The “sniff” step includes five olfactory assessment techniques including the “moving sniff” and “short sniff.” The “retronasal sniff” involves holding your nose closed while tasting. “Sip/sample” also involves multiple steps of three tastes, so the seven steps are in reality at least thirteen if you work methodically through them all.

Next up, Naglich teaches how to build an internal library of flavor references to call upon when tasting new and old foods and drinks; how we might internally organize our categories of flavor (such as in categories of fruit, nuts, fats, spices, etc). Then she provides exercises for retaining that flavor vocabulary with several sets of exercises and tests to repeat regularly.

Embracing A Tasting Lifestyle

The third section of the book is about putting your tasting skills to good use. Among other topics, the author writes about how basic tastes impact each other (salt enhancing sweetness and suppresses bitterness, for example), and then gives some guidelines for different food pairing strategies.

A surprising and welcome chapter is on building one’s descriptive vocabulary to write better tasting notes. Naglich explores flavor wheels that have commonly used descriptors on them, then suggests how to add more adjectives regarding texture, color, amplitude, and even memories evoked by the food to round them out. She provides a template for writing up a tasting summary and includes an example for a Cosmopolitan.

The remaining section of the book is about embracing the full-time tasting lifestyle.

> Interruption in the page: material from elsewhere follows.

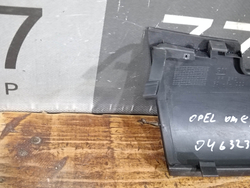 Заглушка буксировочного крюка заднего бампера Opel Omega B 94-99 Б/У Оригинал 90494222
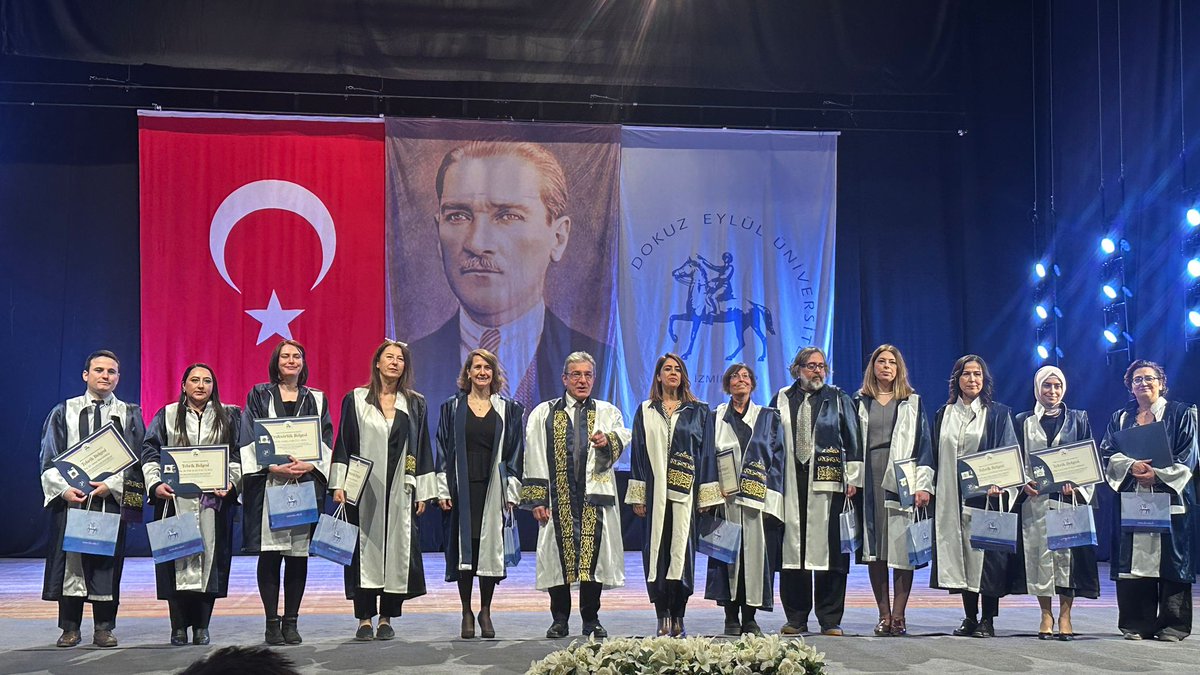 Üniversitemizin düzenlediği atama ve yükseltme töreninde doçentlik kadromu almanın gururunu yaşıyorum. Bu süreçte bana her zaman destek olan Rektörüm Sayın Prof. Dr. Bayram YILMAZ'a ve Dekanım Sayın Prof. Dr. Sibel YEŞİLDERE İMRE'ye sonsuz teşekkürler. <a href="/_bayramyilmaz_/">Prof. Dr. Bayram Yılmaz</a> <a href="/sibelyimre/">Sibel Yeşildere İmre</a>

It includes some practical advice about tasting while travelling, pro-taster tips that apply to multiple categories of food and drinks, and some inspirational material about growing your olfactory bulb through training and the association of taste memory with mental alertness later in life.

Impressions


Throughout the book there are links to the HowToTasteBook.com website with supplemental material, including songs that register as sweet versus sour when we hear them, and examples of flavor wheels for different types of food – semi-hard cheese and winter squash to name two. These are not indexed on the site as far as I can tell, so your reward for reading the book is getting access to these hidden pages. (And my punishment for not highlighting them on first read is that I must go back through the book and do that now.) I love this reader’s bonus.

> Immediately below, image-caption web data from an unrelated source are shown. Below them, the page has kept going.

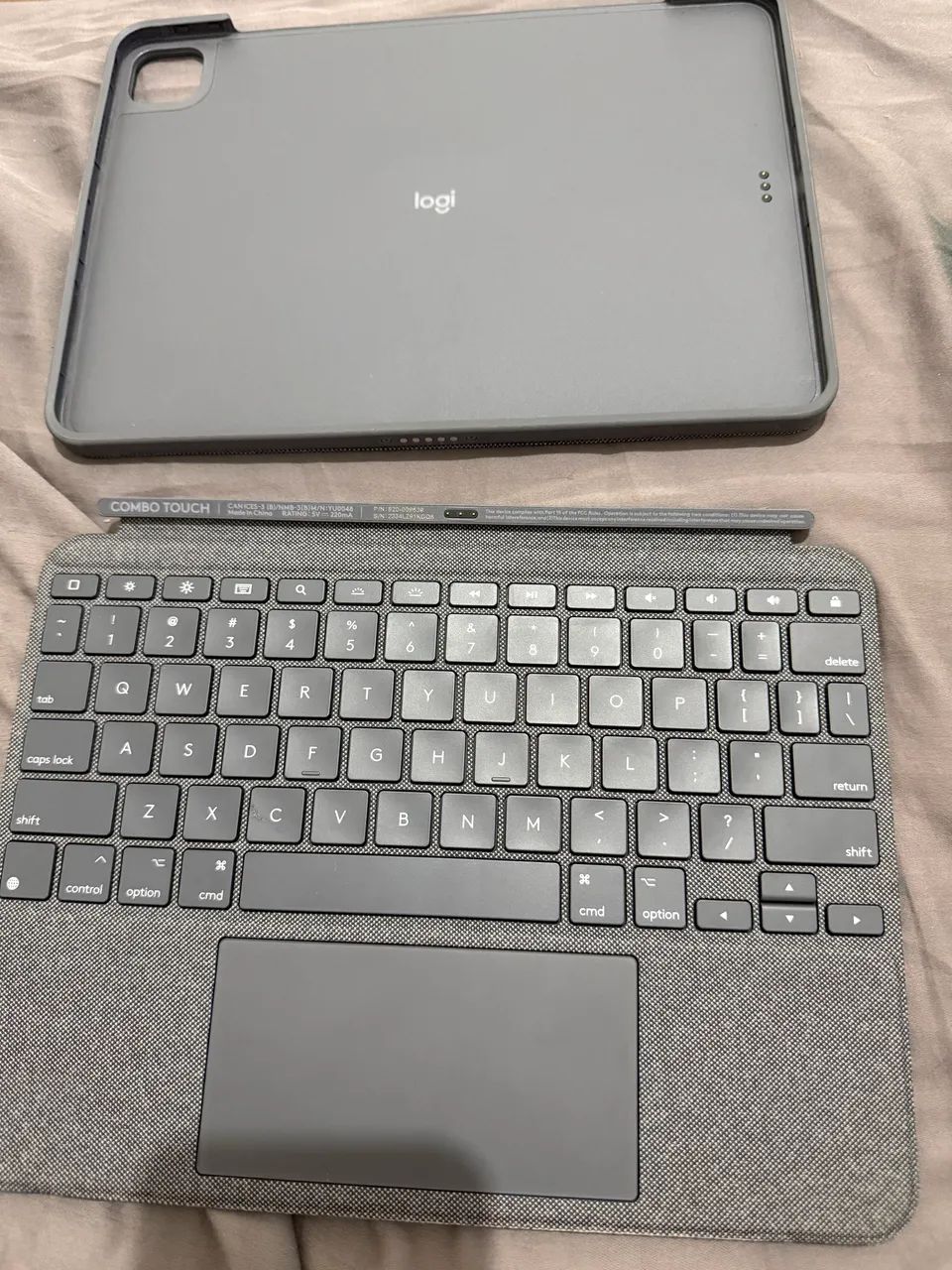 Combo touch logitech para iPad Pro de 1ª, 2ª, 3ª e 4ª geração de 11 polegadas. - Foto 2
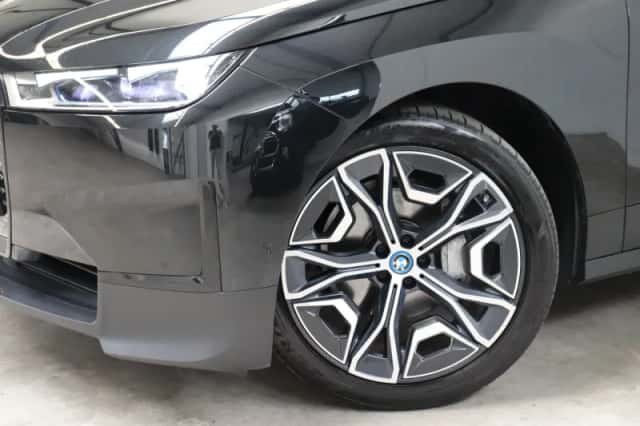 BMW iX (2021) thumbnail 4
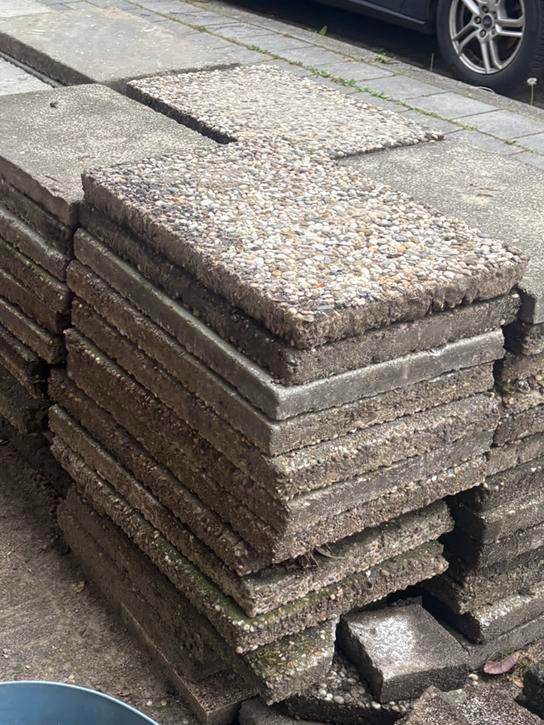 Gratis Betontegels siergrind 40x60, Ophalen, Zo goed als nieuw, Hout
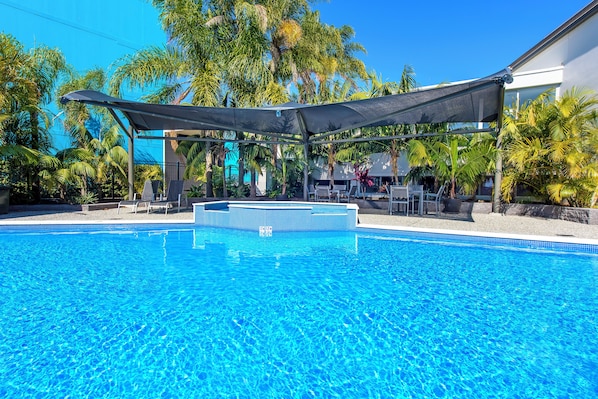 Select Comfort beds, desk, iron/ironing board, free WiFi - Palm Court Motor Inn (Port Macquarie)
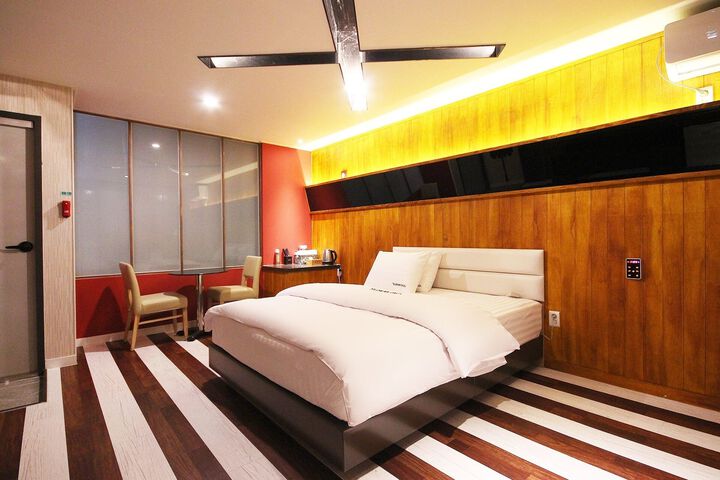 Room 10 of 13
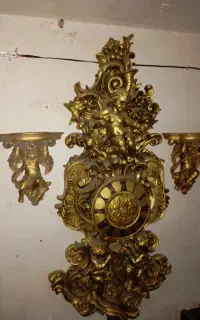 ساعت آنتیک و پایه شمعدان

Something that would have been useful to me is a summary in a chart or other form of the seven-step tasting process after it was described in paragraphs, for easy future reference. But to be fair, I want every book to be a workbook, so maybe that’s my issue. It just means I’ll have to write my own notes from the book to use in live practice.

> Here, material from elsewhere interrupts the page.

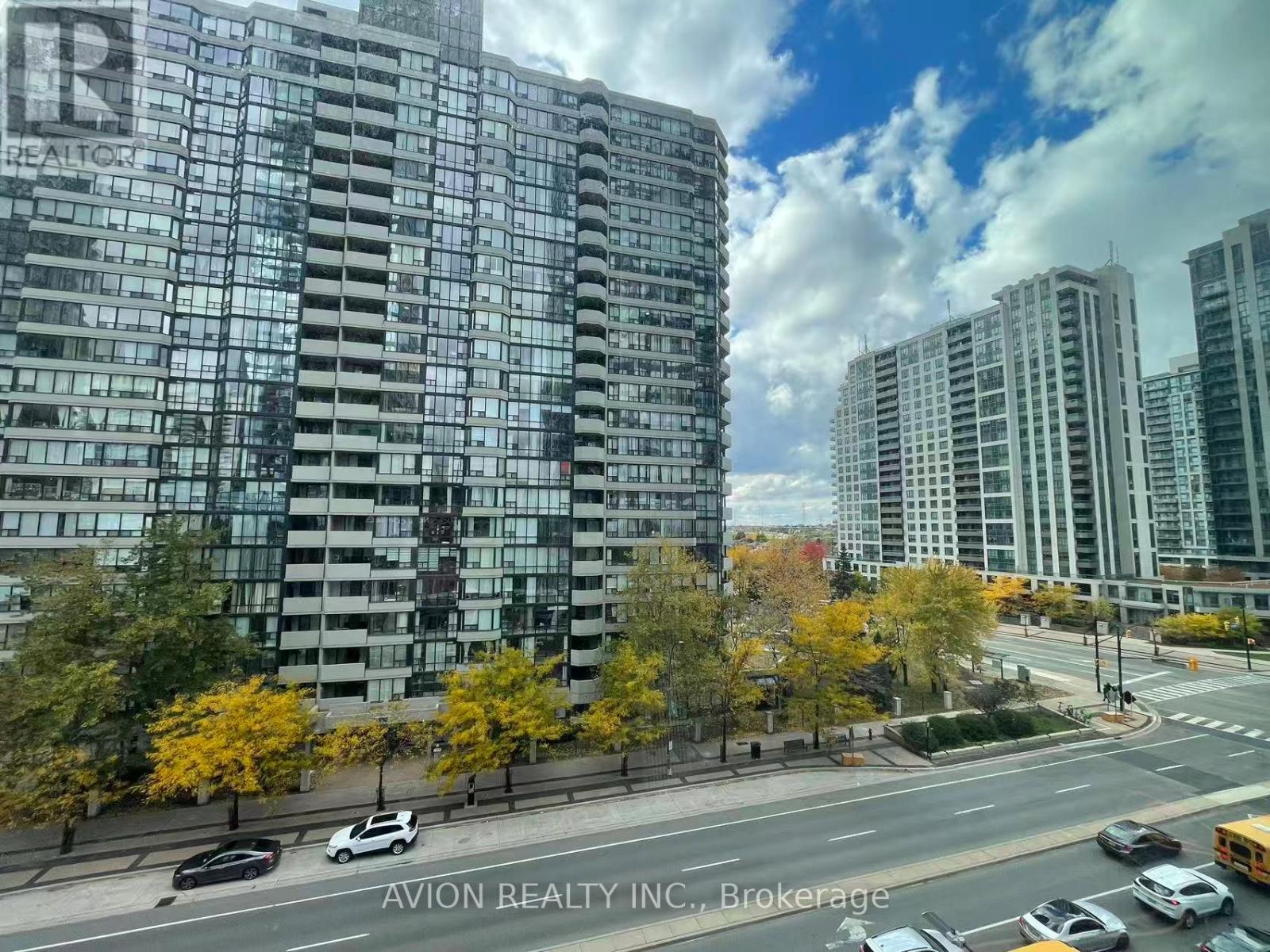 702 - 395 Square One Drive, Mississauga, Ontario  L5B 0P6 - Photo 17 - W12543762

I’ll also be using the book to try some new tasting techniques. I’m the judge of several spirits and cocktail competitions, and I was relieved to find that I already do some version of most of Naglich’s nosing and tasting steps naturally. But there are a couple that are new to me and I’m looking forward to adding them to my repertoire to tease out previously hidden scents and flavors.

So yes, this is a book about how to taste, but you won’t become a skilled taster by just reading it. You’ll need to put it into practice tasting things in the real world. Luckily, you have to eat and drink anyway. May as well get better at it.